> **Task to complete**
Give the listing again in full, matching it character for character.

> **Supplied data**
----------

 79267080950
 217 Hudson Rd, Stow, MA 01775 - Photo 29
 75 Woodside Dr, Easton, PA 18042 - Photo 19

----------

> **Task response**
 79267080950
 217 Hudson Rd, Stow, MA 01775 - Photo 29
 75 Woodside Dr, Easton, PA 18042 - Photo 19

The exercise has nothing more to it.